Available records:
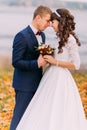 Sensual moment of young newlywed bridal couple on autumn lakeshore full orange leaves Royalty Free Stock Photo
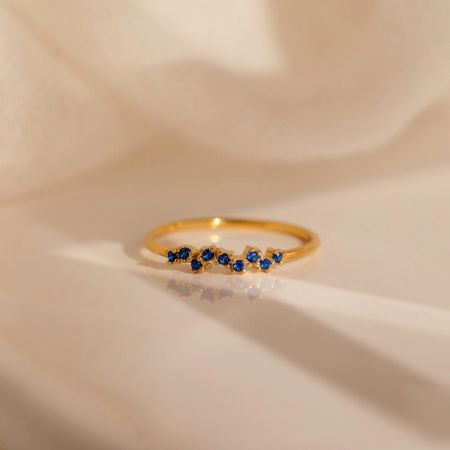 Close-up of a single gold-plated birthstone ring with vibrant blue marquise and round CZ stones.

---

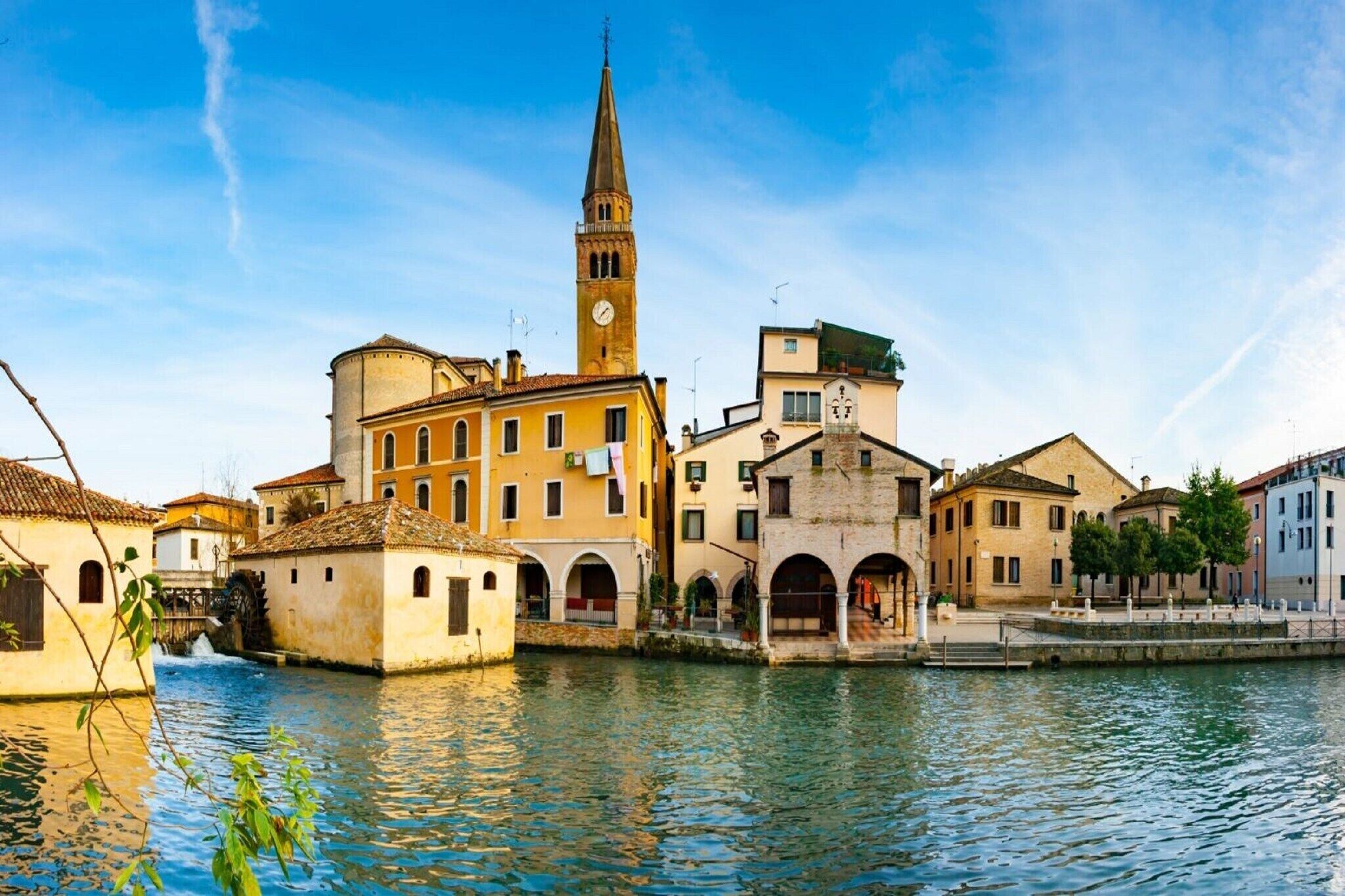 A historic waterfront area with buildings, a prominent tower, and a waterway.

What to produce:
Looking at the listing above, which lines run from the one containing "Sensual moment of" through the one containing "Close-up of a"? Print exactly those, ends included, pictures excluded.

Result:
 Sensual moment of young newlywed bridal couple on autumn lakeshore full orange leaves Royalty Free Stock Photo
 Close-up of a single gold-plated birthstone ring with vibrant blue marquise and round CZ stones.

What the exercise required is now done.